The world I'm interested in is the one where things are not named.
— Martha Graham
Writing about music is like dancing about architecture.
— Elvis Costello
The true meaning of a term is to be found by observing what a man does with it, not by what he says about it.
— P.W. Bridgeman
It is never wholly possible for me to mean what I say or say what I mean, because the fact of my using signs, words, always leaves my meaning dispersed, divided, and never quite at one with itself.
— Terry Eagleton
Great minds discuss ideas; average minds discuss events; small minds discuss people.
— Eleanor Roosevelt
Those things for which we find words, are things we have already overcome.
— Friedrich Nietzsche
Conversation is the slowest form of human communication.
— Anonymous
How often misused words generate misleading thoughts.
— Herbert Spencer
Thought is the blossom; language the bud; action the fruit behind.
— Anonymous
We dissect nature along lines laid down by our native language. Language is not simply a reporting device for experience but a defining framework for it.
— Benjamin Whorf
Vigorous writing is concise. A sentence should contain no unnecessary words, a paragraph no unnecessary sentences, for the same reason that a drawing should have no unnecessary lines and a machine no unnecessary parts.

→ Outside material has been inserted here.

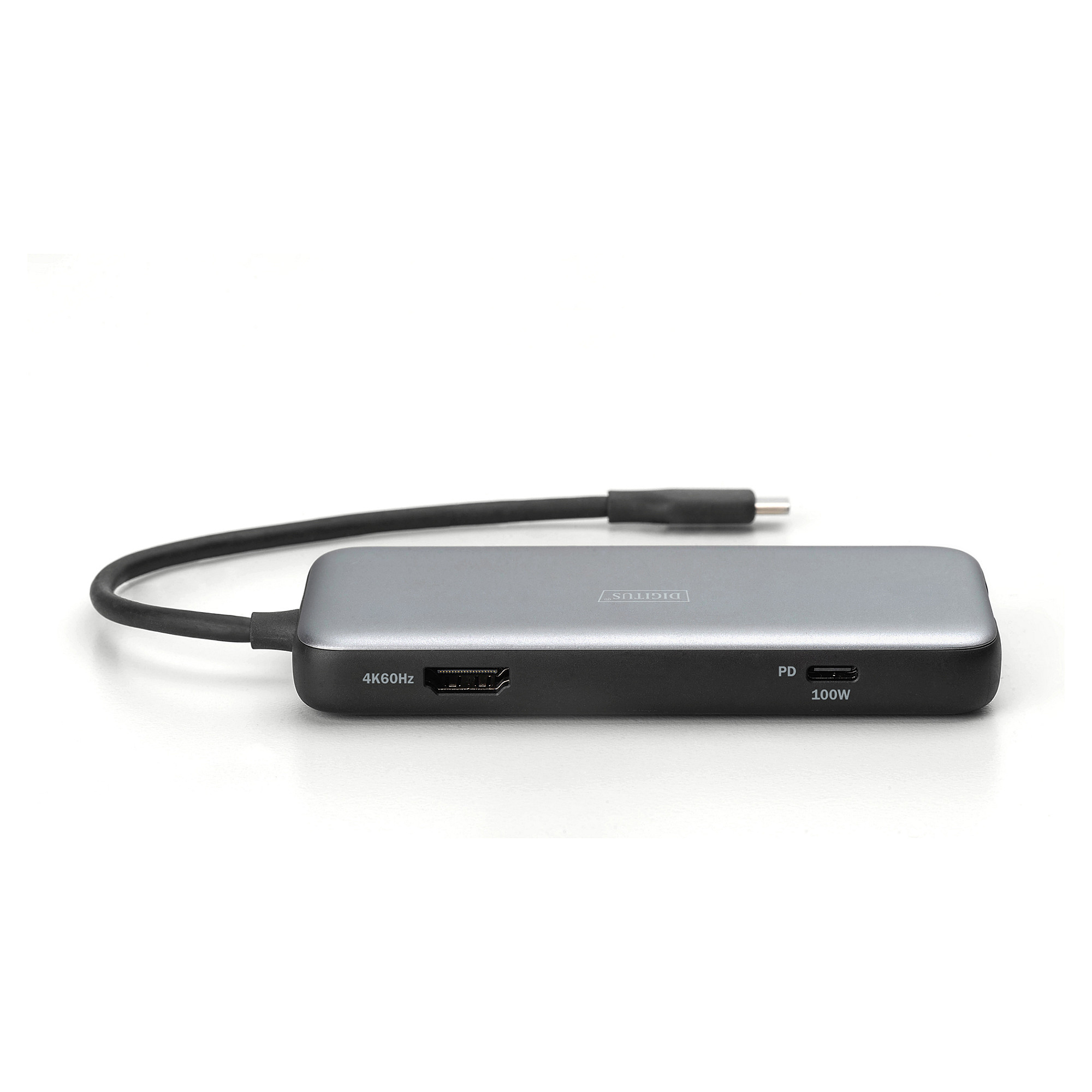 Docking Station Digitus / 1xHDMI / 2xUSB-A / 1xUSB-C / 1xDisplayPort / SD + MicroSD - Argjend thumbnail 3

— E. B. White's 17th Rule in “The Elements of Style”
No one can write decently who is distrustful of the reader's intelligence, or whose attitude is patronizing.
— E. B. White, "The Elements of Style"
No man means all he says, and yet very few say all they mean, for words are slippery and thought is viscous.
— Henry B. Adams
Words divide us, actions unite us.
— slogan of the Tupamaros
Words, like glasses, obscure everything which they do not make clear.
— Joseph Joubert
The voice has meaning independently of what it says.
— Roland Bathes
Words mean exactly what I want them to mean.
— Lewis Carroll
I cannot love a friend whose love is words.